About half the marriages in Georgia and around the country end in divorce, which means that blended families are extremely common. Divorced spouses who remarry should revisit their estate plans regularly because failing to do so can have dire consequences. Disputes between heirs are often contentious, but they may be particularly bitter when children from multiple marriages are involved.
Failing to update an estate plan after a divorce can result in an ex-husband or wife inheriting assets that a testator may have preferred go to the person to whom he or she was married when he or she died. In addition to revising estate planning documents, individuals who divorce may wish to update the beneficiaries on insurance policies and retirement accounts. The passwords that provide access to digital assets should also be changed.
Incorporating trusts in an estate plan is a prudent step to take when testators have blended families. Trusts offer tax benefits and allow estates to avoid the probate process, but they can also establish rules for how assets are distributed to ensure that children from different marriages are taken care of.

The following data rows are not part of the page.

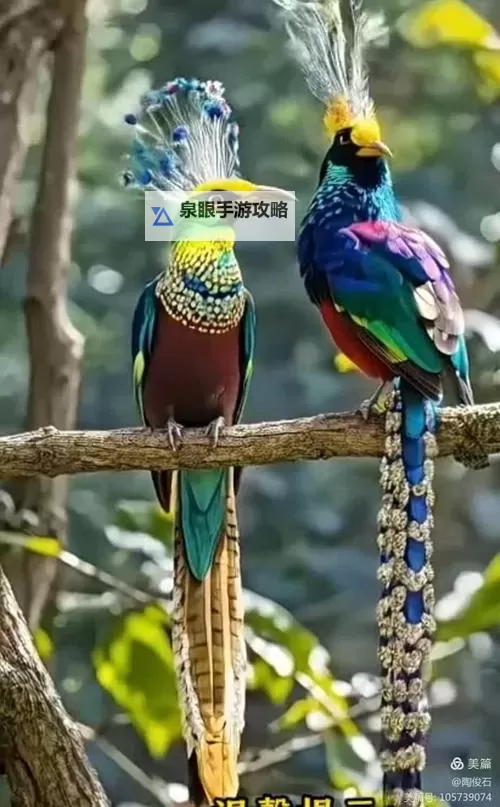 《乱入英雄》武将技能攻略：武将技能体系详解图1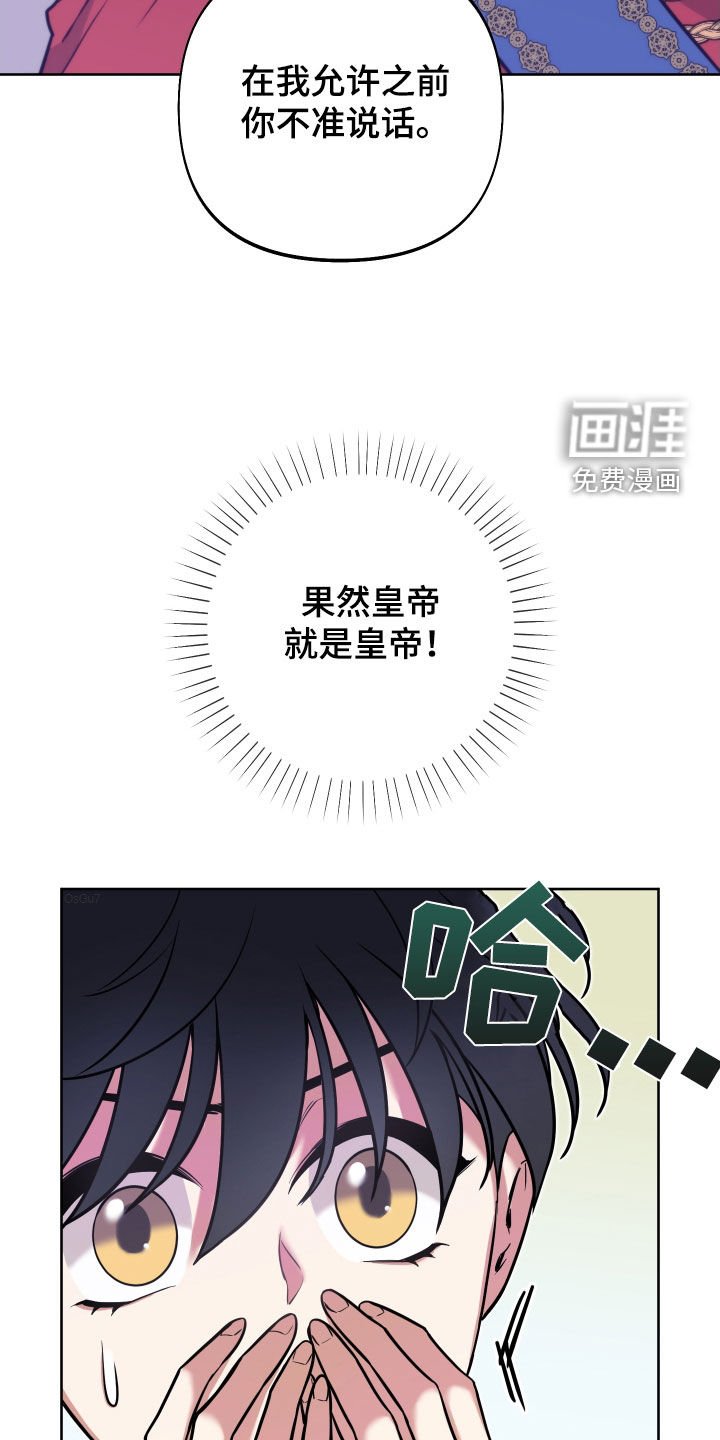 第18章：反转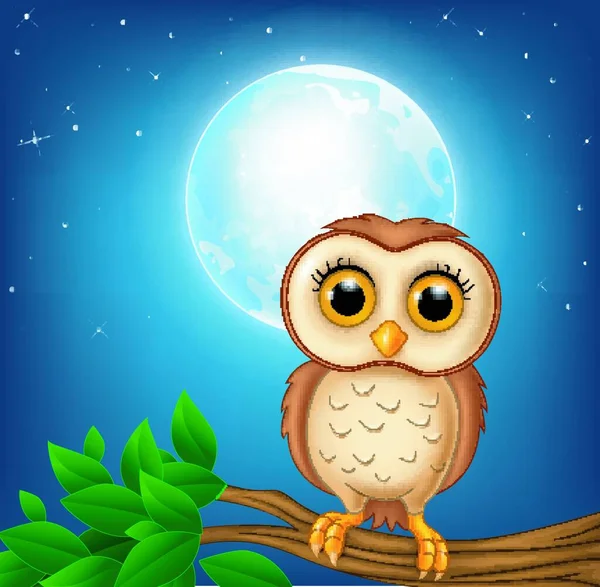 Cartoon Owl Tree Branch — Stock Vector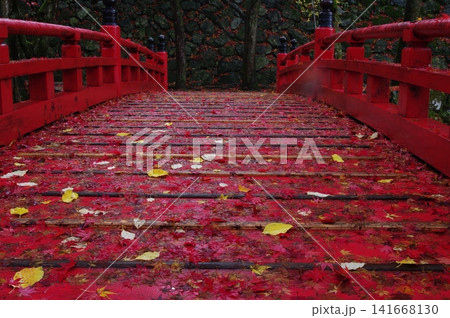 秋の岐阜県揖斐川町谷汲町の横蔵寺は、紅葉の時には赤い橋と三重塔との景色が最高です。 秋の岐阜県揖斐川町谷汲町の横蔵寺は、紅葉の時には赤い橋と三重塔との景色が最高です。 141668130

An AB trust could be set up that leaves assets to a new spouse and then passes them to children when that spouse dies. This could prevent children from an earlier marriage being excluded. Testators may also place their assets into several trusts that each have specific rules for distribution.
Attorneys with estate planning experience could explain the benefits of structuring an estate plan around trusts and steps that may be taken to prevent disputes between heirs. Lawyers could also help individuals choose trustees who may be relied upon to see that their wishes are carried out. Trusts can be particularly useful when heirs have had prior trouble managing money or are struggling to overcome problems with drugs or alcohol.